Thimphu festival has two parts: the first is the Lhamo Dromchoe, and the second the Gongdue Tshechu. The dances at the Lhamo Dromchoe or the ‘Great Achieving Prayer of the Female Deities’ was introduced by Gyalse Kunga Gyaltshen (1689-1713) in 1710. During a retreat at Chagri monastery, he experienced visions of Palden Lhamo, a powerful protective deity. Based on these experiences, Gyalse Kunga Gyaltshen introduced this sacred dance.
During Lhamo Dromchoe, 21 female protective deities – Palden Lhamo and her retinue – are invoked for the entire two-week prayer.
Over 300 monks assemble inside a large shrine dedicated to Palden Lhamo whose blessings are believed to usher in peace, prosperity and stability for Bhutan. The monks gather daily at 3 a.m. to pray while the Black Hat Dance is also performed each morning inside the main chapel.
Thimphu Tshechu, held in Bhutan’s capital city, was initiated by the 4th Temporal Ruler of Bhutan, Gyalse Tenzin Rabgay in 1867. The festival underwent a change in the 1950s, when the third King Jigme Dorji Wangchuck, introduced numerous Boed chhams (mask dances performed by lay monks). The additions has added colour without compromising the spiritual significance.

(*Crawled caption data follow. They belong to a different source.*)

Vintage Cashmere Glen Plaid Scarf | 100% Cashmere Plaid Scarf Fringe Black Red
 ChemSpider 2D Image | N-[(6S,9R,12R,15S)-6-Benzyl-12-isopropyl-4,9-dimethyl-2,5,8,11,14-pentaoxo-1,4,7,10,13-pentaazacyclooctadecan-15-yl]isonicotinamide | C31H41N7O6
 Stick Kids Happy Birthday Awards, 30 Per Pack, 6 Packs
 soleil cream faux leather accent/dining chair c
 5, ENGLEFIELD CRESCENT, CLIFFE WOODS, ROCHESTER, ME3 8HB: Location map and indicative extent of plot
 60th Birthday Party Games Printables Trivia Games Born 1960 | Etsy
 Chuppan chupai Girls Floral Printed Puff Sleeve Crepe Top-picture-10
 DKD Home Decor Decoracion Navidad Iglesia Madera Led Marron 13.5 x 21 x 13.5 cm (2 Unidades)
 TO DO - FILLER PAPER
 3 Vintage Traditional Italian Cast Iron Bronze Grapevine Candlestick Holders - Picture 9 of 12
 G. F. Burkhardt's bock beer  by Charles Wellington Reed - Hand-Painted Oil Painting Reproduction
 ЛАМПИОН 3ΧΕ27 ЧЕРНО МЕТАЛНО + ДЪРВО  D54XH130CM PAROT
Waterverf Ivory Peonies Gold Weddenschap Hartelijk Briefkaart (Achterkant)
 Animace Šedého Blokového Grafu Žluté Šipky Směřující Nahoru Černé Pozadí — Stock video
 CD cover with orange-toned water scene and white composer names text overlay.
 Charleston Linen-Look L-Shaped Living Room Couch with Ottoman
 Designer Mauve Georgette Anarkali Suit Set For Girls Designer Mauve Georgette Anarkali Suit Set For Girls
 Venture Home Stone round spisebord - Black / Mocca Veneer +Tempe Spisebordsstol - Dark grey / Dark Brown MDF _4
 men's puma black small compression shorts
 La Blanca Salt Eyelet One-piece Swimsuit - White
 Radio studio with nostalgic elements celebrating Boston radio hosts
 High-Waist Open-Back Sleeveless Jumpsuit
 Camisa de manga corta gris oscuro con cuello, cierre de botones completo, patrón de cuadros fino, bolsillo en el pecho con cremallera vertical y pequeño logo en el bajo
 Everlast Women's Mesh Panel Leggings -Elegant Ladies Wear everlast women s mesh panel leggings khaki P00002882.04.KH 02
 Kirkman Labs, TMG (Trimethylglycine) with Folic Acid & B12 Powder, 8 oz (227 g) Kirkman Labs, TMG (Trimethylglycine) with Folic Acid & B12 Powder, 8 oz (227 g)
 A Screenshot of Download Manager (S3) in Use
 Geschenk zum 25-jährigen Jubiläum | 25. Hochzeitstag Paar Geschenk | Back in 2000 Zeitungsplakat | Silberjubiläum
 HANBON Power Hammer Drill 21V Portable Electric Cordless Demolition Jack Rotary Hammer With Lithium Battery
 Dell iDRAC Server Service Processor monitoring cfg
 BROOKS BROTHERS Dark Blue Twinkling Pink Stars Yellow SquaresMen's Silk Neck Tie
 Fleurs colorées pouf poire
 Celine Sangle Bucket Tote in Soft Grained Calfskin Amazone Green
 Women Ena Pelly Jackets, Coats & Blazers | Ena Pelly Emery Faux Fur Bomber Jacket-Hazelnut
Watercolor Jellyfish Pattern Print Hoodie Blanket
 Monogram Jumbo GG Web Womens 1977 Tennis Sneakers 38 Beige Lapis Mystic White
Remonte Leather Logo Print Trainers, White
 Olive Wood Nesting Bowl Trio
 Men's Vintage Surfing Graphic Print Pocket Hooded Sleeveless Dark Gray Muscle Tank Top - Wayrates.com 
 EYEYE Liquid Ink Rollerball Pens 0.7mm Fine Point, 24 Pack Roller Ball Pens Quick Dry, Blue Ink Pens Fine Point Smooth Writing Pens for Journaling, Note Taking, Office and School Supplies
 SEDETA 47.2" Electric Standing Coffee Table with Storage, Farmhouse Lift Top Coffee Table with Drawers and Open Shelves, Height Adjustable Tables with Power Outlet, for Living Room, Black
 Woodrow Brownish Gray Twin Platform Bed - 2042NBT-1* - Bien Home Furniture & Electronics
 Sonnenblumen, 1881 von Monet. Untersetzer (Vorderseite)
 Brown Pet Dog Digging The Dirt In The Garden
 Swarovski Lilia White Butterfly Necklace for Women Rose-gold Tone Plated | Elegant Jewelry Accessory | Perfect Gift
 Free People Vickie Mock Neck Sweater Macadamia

From the year of its establishment in 1687, Thimphu Tshechu was performed inside Trashichodzong courtyard until 2007. However, because of the steady increase in attendees, the inner courtyard became too congested to properly perform the rites. Therefore, to accommodate a growing numbers of viewers, a new Tshechu stadium was constructed and named Tendrel Thang, meaning ‘Auspicious Ground’.